SOME THOUGHT-PROVOKING QUOTATIONS ON TRANSLATION AND INTERPRETATION
“Translation is not a matter of words only: it is a matter of making intelligible a whole culture.”
“Translation is the paradigm, the exemplar of all writing. It is translation that demonstrates most vividly the yearning for transformation that underlies every act involving speech, that supremely human gift.”
“Translators live off the differences between languages, all the while working toward eliminating them.”
SAINT JEROME – PATRON SAINT OF TRANSLATORS
Saint Jerome (331-420 A.D.) is a prominent figure in the history of translation. After his death he was canonized, and today he is considered the patron saint of translators.

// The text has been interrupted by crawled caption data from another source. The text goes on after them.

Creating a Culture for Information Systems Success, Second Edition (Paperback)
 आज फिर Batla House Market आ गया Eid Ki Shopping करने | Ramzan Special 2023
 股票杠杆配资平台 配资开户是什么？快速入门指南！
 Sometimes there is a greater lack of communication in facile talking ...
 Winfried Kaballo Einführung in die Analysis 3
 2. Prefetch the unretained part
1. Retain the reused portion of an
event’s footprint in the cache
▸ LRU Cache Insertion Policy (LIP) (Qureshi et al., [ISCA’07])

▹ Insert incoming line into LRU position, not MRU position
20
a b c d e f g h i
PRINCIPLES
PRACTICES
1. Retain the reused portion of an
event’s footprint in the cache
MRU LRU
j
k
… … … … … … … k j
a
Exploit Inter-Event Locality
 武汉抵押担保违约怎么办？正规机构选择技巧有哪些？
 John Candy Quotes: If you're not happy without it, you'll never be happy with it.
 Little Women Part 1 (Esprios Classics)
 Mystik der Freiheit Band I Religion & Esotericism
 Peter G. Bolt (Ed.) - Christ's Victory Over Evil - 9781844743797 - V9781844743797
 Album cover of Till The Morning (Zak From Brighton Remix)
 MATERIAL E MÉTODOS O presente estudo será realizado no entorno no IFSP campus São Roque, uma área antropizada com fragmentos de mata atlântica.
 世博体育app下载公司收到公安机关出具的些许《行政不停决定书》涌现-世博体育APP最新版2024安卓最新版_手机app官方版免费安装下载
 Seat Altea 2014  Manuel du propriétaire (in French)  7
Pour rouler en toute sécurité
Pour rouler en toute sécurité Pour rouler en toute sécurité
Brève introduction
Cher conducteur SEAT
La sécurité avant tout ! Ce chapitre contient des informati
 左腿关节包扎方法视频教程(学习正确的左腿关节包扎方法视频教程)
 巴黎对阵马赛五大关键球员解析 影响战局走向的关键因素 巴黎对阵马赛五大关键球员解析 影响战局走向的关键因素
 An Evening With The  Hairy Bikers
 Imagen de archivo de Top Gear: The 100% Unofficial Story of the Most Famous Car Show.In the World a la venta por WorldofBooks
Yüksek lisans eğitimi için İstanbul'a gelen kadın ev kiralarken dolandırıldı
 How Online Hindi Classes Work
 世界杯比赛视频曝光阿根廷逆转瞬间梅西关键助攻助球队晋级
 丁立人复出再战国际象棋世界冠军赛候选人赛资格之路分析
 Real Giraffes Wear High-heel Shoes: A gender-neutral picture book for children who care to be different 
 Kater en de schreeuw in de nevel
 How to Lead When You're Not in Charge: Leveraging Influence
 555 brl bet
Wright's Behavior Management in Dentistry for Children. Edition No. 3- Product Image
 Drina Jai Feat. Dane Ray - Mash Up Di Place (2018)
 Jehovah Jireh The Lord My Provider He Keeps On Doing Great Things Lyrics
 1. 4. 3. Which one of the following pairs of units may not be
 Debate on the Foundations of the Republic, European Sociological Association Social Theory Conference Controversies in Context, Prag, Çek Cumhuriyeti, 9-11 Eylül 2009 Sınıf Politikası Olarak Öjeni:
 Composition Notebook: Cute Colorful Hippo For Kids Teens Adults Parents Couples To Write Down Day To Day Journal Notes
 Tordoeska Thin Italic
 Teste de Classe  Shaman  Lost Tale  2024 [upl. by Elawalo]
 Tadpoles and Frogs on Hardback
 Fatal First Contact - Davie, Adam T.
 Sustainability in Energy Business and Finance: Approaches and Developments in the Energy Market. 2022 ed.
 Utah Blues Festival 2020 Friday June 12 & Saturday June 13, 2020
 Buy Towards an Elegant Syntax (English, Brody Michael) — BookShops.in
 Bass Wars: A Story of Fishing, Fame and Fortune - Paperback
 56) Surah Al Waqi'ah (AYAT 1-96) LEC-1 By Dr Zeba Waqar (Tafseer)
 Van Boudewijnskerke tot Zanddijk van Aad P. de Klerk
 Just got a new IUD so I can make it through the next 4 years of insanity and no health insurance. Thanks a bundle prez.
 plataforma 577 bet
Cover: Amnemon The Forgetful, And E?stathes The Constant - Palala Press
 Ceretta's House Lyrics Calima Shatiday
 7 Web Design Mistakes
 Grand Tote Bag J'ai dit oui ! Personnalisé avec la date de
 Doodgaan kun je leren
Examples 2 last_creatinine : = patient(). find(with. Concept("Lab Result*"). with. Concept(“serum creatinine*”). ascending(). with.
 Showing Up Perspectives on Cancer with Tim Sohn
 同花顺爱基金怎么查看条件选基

When he was young, Jerome’s wealthy parents sent him to Rome to study grammar, rhetoric and philosophy with the famous grammarian Aelius Donatus. Following stays in Trier and Aquileia, in 373 Jerome travelled overland to the East of the Empire and lived in Syria as a hermit. Later, in Antioch on the Orontes River he learned Greek and Hebrew, which was an exceptional skill among the scholars of his time. He was ordained as a priest in Antioch in 379. Subsequently, in Constantinople, he studied under the church teacher Gregory of Nazianzus.
From 382 to 384 he was secretary of Pope Damasus I, who entrusted him to elaborate a translation of the Bible into Latin, based on recognised Greek texts. He also translated the Old Testament from Hebrew. For a long time, Jerome’s Latin Vulgate Bible was the most relevant text for the Roman Catholic Church.
Jerome was considered a hardworking and highly educated literary man who also read and made use of pagan works. He was also said to be temperamental, taking his theology and its interpretation very seriously. On occasion, a difference of opinion interpreted by him as a personal insult could provoke a rather polemical reaction from this scholar. Jerome was known to say: Parce mihi, Domine, quia Dalmata sum (Forgive me, Lord, for I am Dalmatian).
According to tradition, Jerome pulled a thorn from a lion’s paw. As a result, the lion became his tame and faithful companion. That is why, apart from the Bible and the red cardinal’s hat, the lion is also one of Jerome’s attributes. (Source: Hieronymus in Wikipedia).